Hence $u_{*}$ is a solution of $\mathbf{P}(T,\gamma ,A)$. This shows that solution of $\mathbf{P}(T,\gamma ,A)$ exist.

The exact controllability properties that have been used for the construction in the proof of Theorem 1 still hold if the matrix A is fixed. Hence the assertion follows. □

4. Discussion

We have shown that with a suitable non-smooth loss function each solution of a learning problem has the finite-time turnpike property which means that it reaches the desired state exactly after finite time. Since the finite time $t_0$ can be considered as a problem parameter, this situation allows to choose $t_0$ in a convenient way. Thus $t_0$ arises as an additional design parameter in the design of optimal neural networks, that corresponds to the number of layers. Since for $t\in [t_0,T]$ the optimal parameters are zero, System $\mathbf{S}$ does not change the state on $[t_0,T]$ and thus the time horizon can be cut off at $t_0$.

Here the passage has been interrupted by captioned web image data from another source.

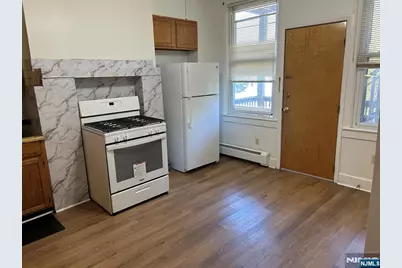 139 Johnston Avenue 3 #3, Kearny, NJ 07032 - Photo 1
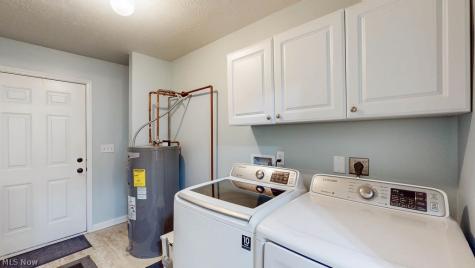 566 Hilltop Terrace Tallmadge OH 44278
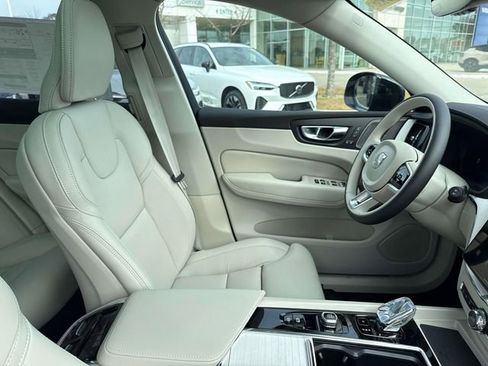 New 2026 Volvo XC60 B5 Ultra w/ Climate Package image 14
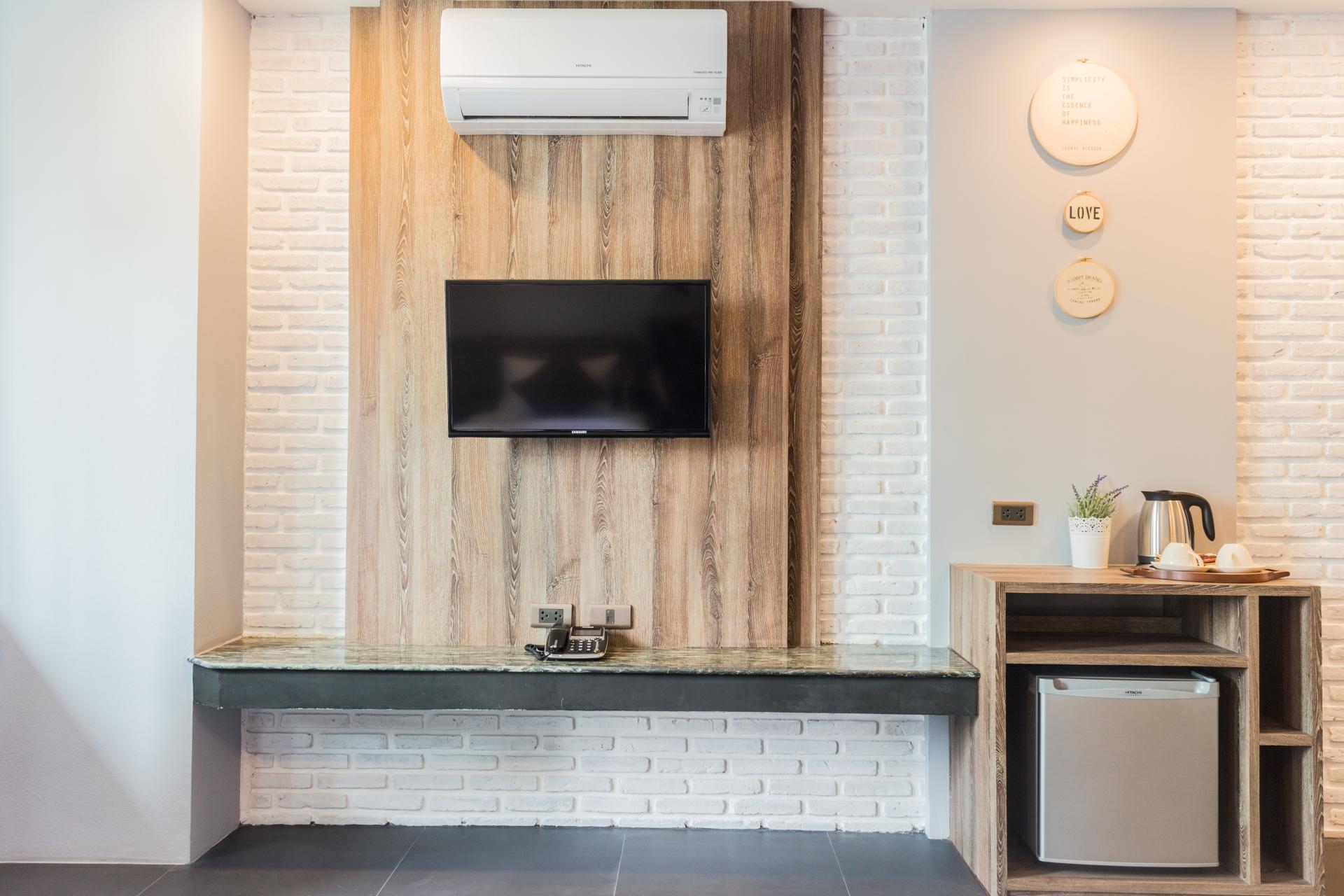 Cross Vibe Decem, Nimman Hotel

Hence the problem to find the optimal number of layers in a neural network corresponds in the setting of neural ODEs to the problem of time-optimal control where the task is to find a minimal value of $t_0$ subject to the constraint that $x\left(t_0\right)=x_T$ and for the optimal parameters $u\left(t\right)$ the constraint ${\parallel u\left(t\right)\parallel }_{X\left(t_0\right)}^2\le \rho$ is satisfied. Here the number $\rho$ is prescribed as a problem parameter. Let $\omega (T,\gamma )$ denote the optimal value of $\mathbf{P}(T,\gamma )$. Then for optimal parameters $u\left(t\right)$ that solve $\mathbf{P}(T,\gamma )$ we have ${\parallel u\left(t\right)\parallel }_{X\left(t_0\right)}^2\le \omega (T,\gamma )$. Since Theorem 1 implies that for the optimal state we have $x\left(t_0\right)=x_T$, we conclude that optimal parameters for $\mathbf{P}(T,\gamma )$ also solve the time-optimal control problem with parameter $\rho =\omega (T,\gamma )$ and the optimal time is $t_0$.

We have shown the existence of a solution of the nonlinear optimization problem for the case that one of the parameters, namely the matrix $A\left(t\right)$ is fixed. In order to show that a solution also exists with A as an additional optimization parameter, we expect that an additional regularization term in the objective functional (for example ${\int }_0^T\parallel A^{\prime }\left(t\right){\parallel }^{2}dt)$ is necessary. This is a topic for future research. We expect that the finite-time turnpike property also holds in the case $t_0=0$. However, the proof that is presented here does not apply to this case so this is another topic for future research. As a possible application of our results we have in mind the numerical solution of shape inverse problems as described in [21].